|Chongzhen, last official Ming emperor|
|Oppose Qing and Restore Ming|
|Three Harmonies Society|
Whatever their motivations may have been, we are left with the basic fact that inveterate opposition to the Qing Dynasty seemed to outweigh loyalty to the Ming Dynasty and once the Qing Empire was gone, most former Ming loyalists accepted the less traditional systems of government that came after and abandoned any efforts to restore the Ming Empire in full. There seemed to be little, if any, support for the heir of the Ming Dynasty (discussed here earlier), the Marquis of Extended Grace, who lived in poor conditions and who remained loyal to the Qing Emperor throughout the republican period until the end of the Second World War by which point he disappears from the historical record. The republican government eventually withdraw all recognition and support for him and the later communist government went a step further and in their propaganda made a hero of the rebel Li Zicheng who overthrew the last Ming Emperor.

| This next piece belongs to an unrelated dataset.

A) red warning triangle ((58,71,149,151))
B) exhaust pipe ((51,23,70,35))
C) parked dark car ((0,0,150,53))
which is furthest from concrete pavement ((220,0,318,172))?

In summary, there were Ming loyalists who resisted in traditional fashion for as long as they could, until all were ultimately defeated and after that a smaller number still held on and continued to resist outside the bounds of the law, either as silent dissidents biding their time or members of organized crime. Unfortunately, the Qing Dynasty fell and the Ming Dynasty remained fallen as well. Are there any lingering Ming loyalists around today? I would hope so and with more than a billion Chinese people around the world the odds would be in favor of there being some, somewhere. I will close by saying, as carefully and prudently as I can, that in my view at least, taking back something that was stolen from you, even if outside the law of the land, is not wrong but right.